Ceux qui feraient du mal à nos voisins ne nous épargneraient pas; leurs ennemis sont nos ennemis, et leur défense peut être notre défense.

Pour terminer, j'invite toutes les personnes ici présentes à envisager la possibilité que l'amélioration et l'accroissement de l'attitude de coopération avec les États-Unis aient un effet positif sur la sécurité nationale, à peu ou pas de frais pour la Défense nationale.

Le sénateur Atkins : Selon vous, quelles devraient être les concessions si le Canada devait changer sa position à l'égard de la défense antimissile balistique?

M. Hopkins : Pourriez-vous clarifier votre question?

Le sénateur Atkins : Selon vous, quelles concessions le Canada et les États-Unis devraient-ils faire afin que nous puissions améliorer nos relations?

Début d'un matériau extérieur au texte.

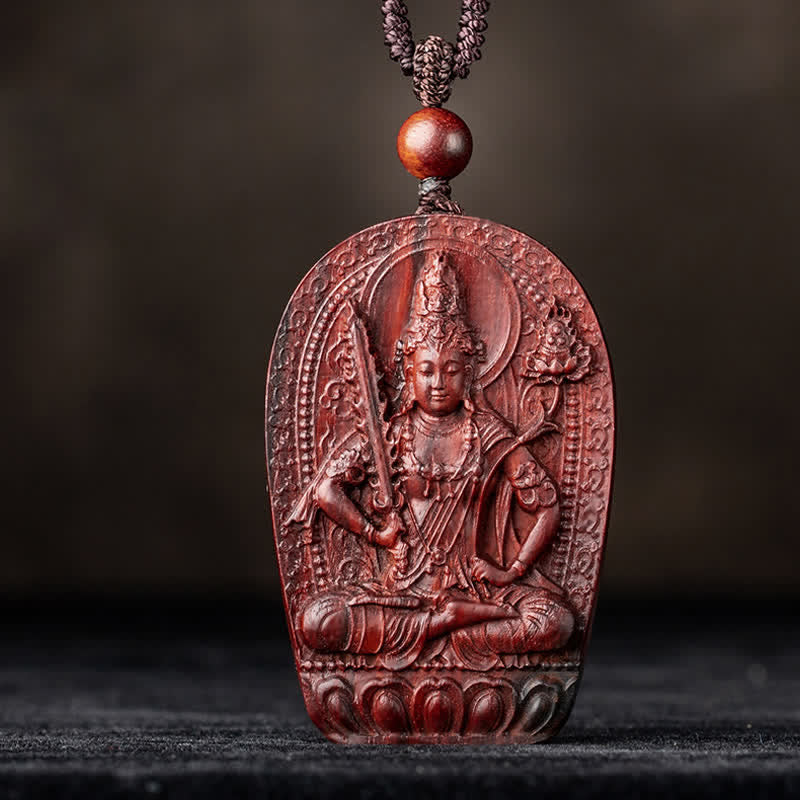 KarmaRipple's Chinese Zodiac Natal Buddha Small Leaf Red Sandalwood Lotus Protection Pendant Necklace p21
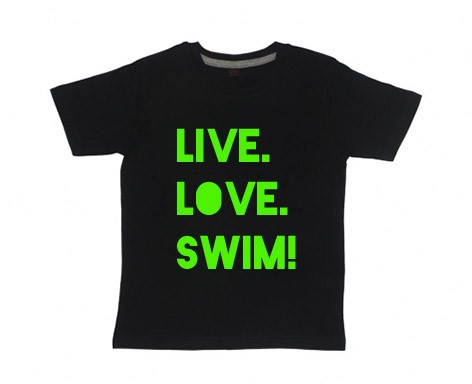 Kids-Shirt: Live. Love. Swim!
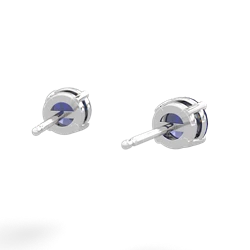 Lab Sapphire 5Mm Round Stud 14K White Gold earrings E1785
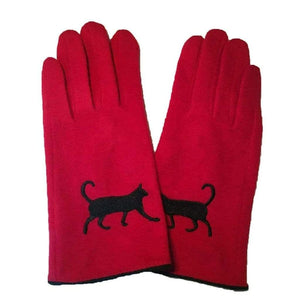 Cat Gloves- Red Cotton/Poly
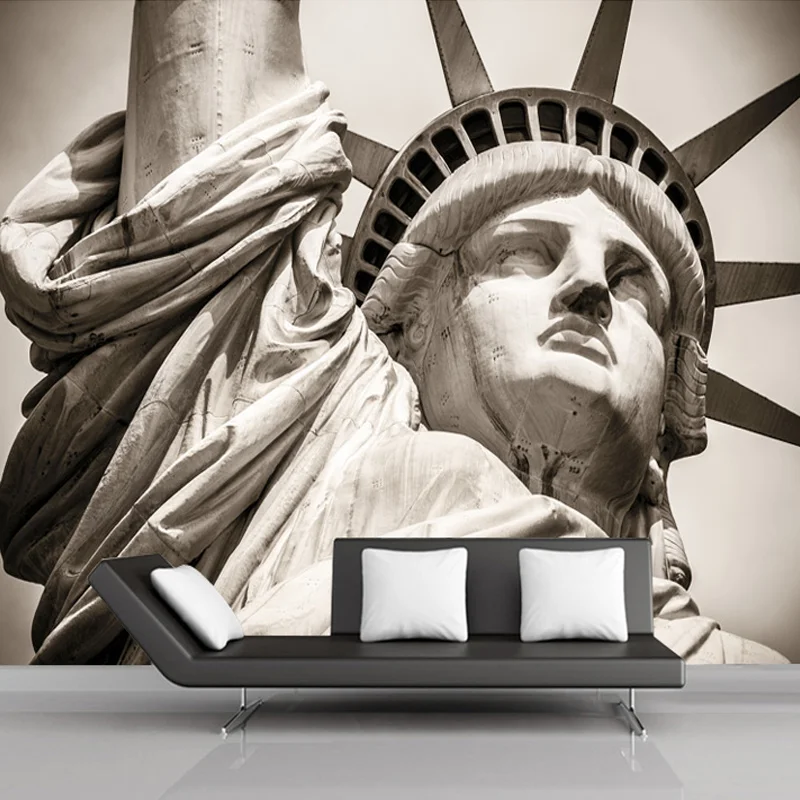 

Drop Shipping Customize Any Size Statue Of Liberty City Landscape Large Murals 3D Personality Theme Hotel KTV 3D Photo Wallpaper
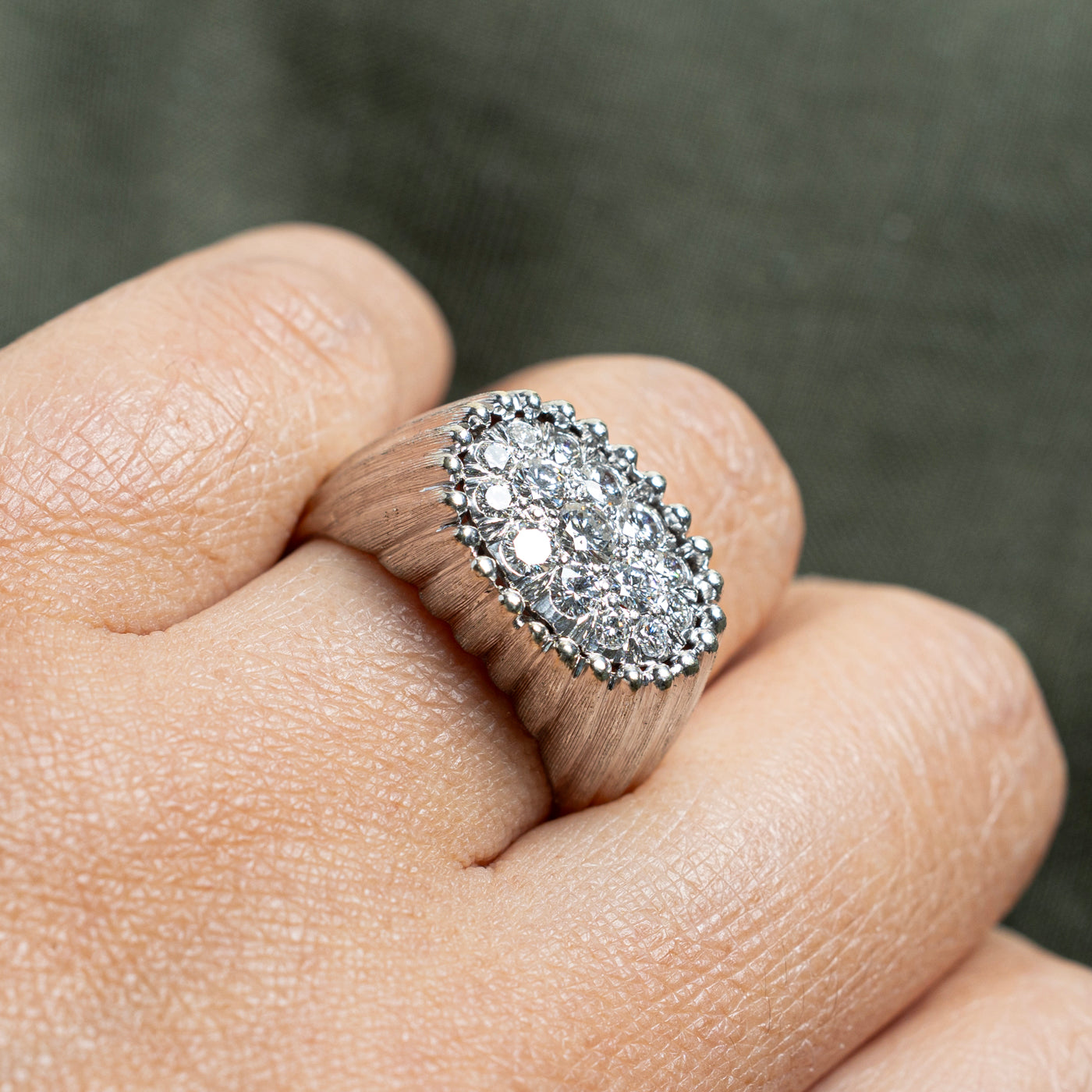 Diamond Oval Cluster Cocktail Ring | 1.25ctw | SZ 8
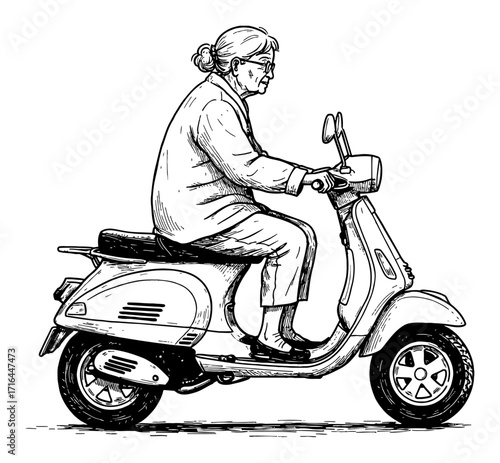 Grandma Riding Classic Vespa Scooter Side View Black and White Outline Line Art Drawing Illustration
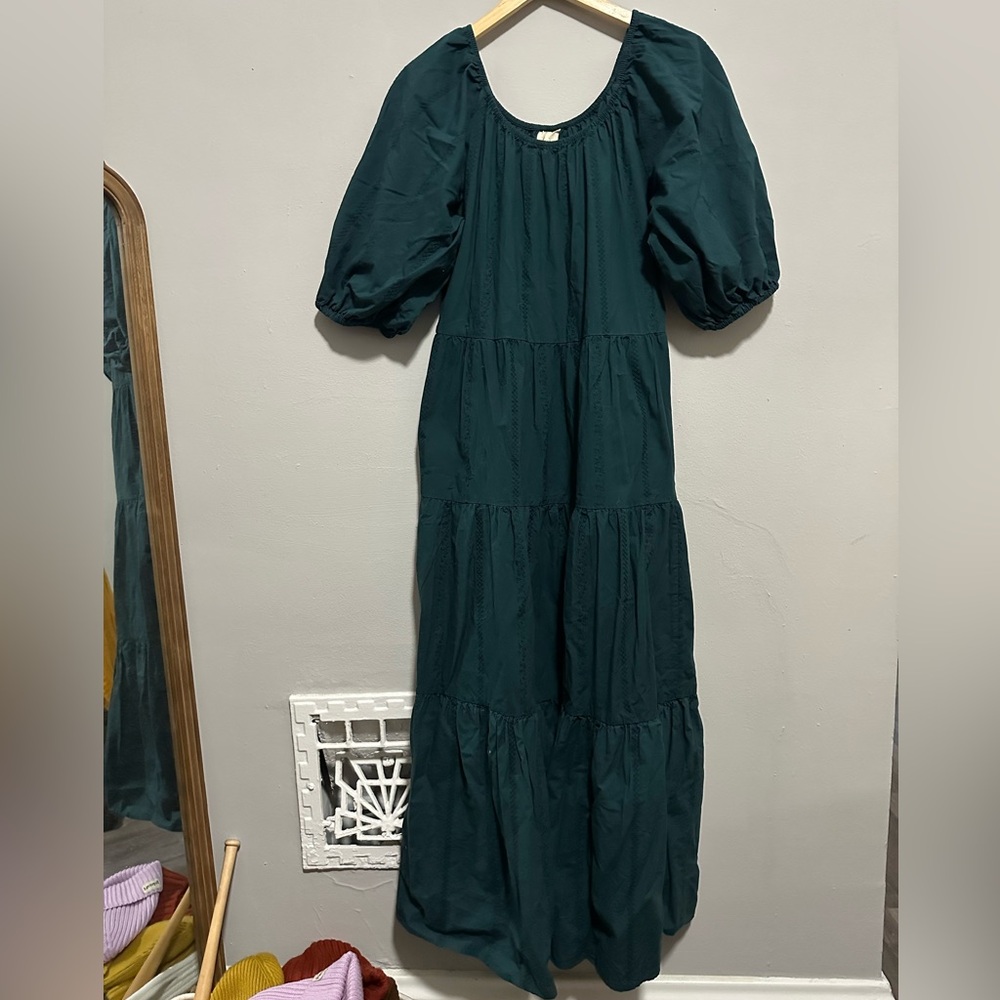 Elegant Green Women's Boho Eyelet Dress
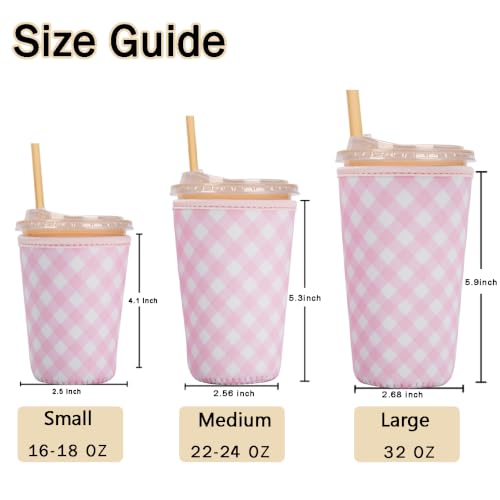 Image of Reusable Insulated Sleeve for Iced Coffee Cup, Coffee Neoprene Sleeve for Cold & Hot Drinks, Beverage Holder for Iced Coffee (Blush Gingham, Large: 32oz)
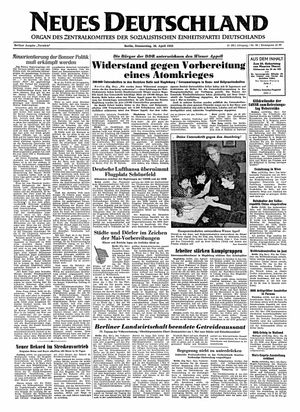 Neues Deutschland Online-Archiv vom 28.04.1955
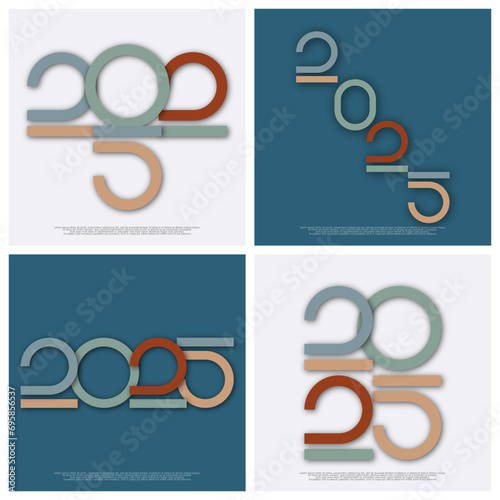 Happy new year - best wishes 2025 with colorful truncated number. Perfect vector for poster, banner, greeting and new year 2025 celebration.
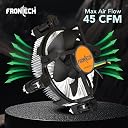 FRONTECH 775/1155 CPU Cooling Fan with Universal Socket & Heat Sink for Better Air Circulation, Super Silent, De-Vibrating, HS Sunflower Design, (CPF-0002, Black) gallery image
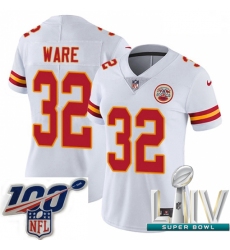 2020 Super Bowl LIV Women Nike Kansas City Chiefs #32 Spencer Ware White Vapor Untouchable Limited Player NFL Jersey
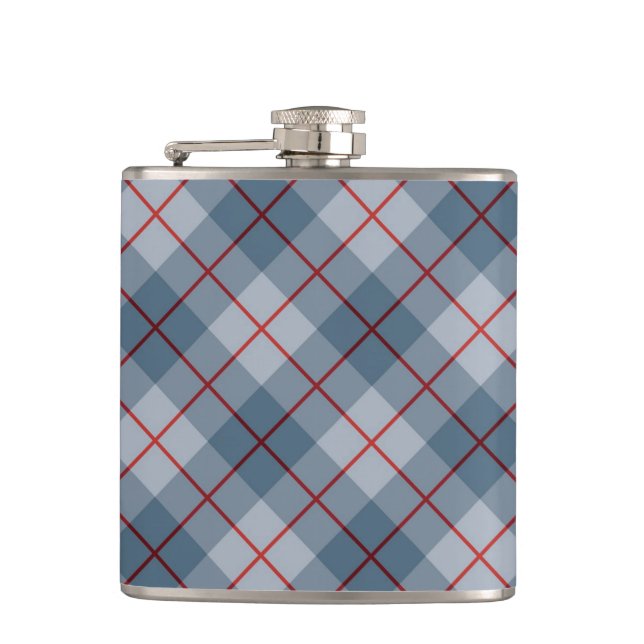 Bias Plaid Blue-Red Stripe Hip Flask (Front)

M. Hopkins : Pour leur coopération?

Le sénateur Atkins : Oui. Et la nôtre.

M. Hopkins : Je suis un jeune homme, sénateur Atkins, mais, que je sache, rien ne leur a été offert. Je ne vois qu'une offre énorme de leur part.

Je crois qu'il est important de mentionner ceci au comité : je suis jeune. J'ai vécu dans cette région toute ma vie. Si la guerre devait éclater ce soir — et la possibilité est bien réelle, bien plus qu'il y a dix ans — la première chose qui me viendrait à l'idée, ce sont les bombardiers B-52 de la base des Forces aériennes américaines à Minot, et les plates-formes de lancement de missiles qui sont situées tout près, juste au sud de la frontière.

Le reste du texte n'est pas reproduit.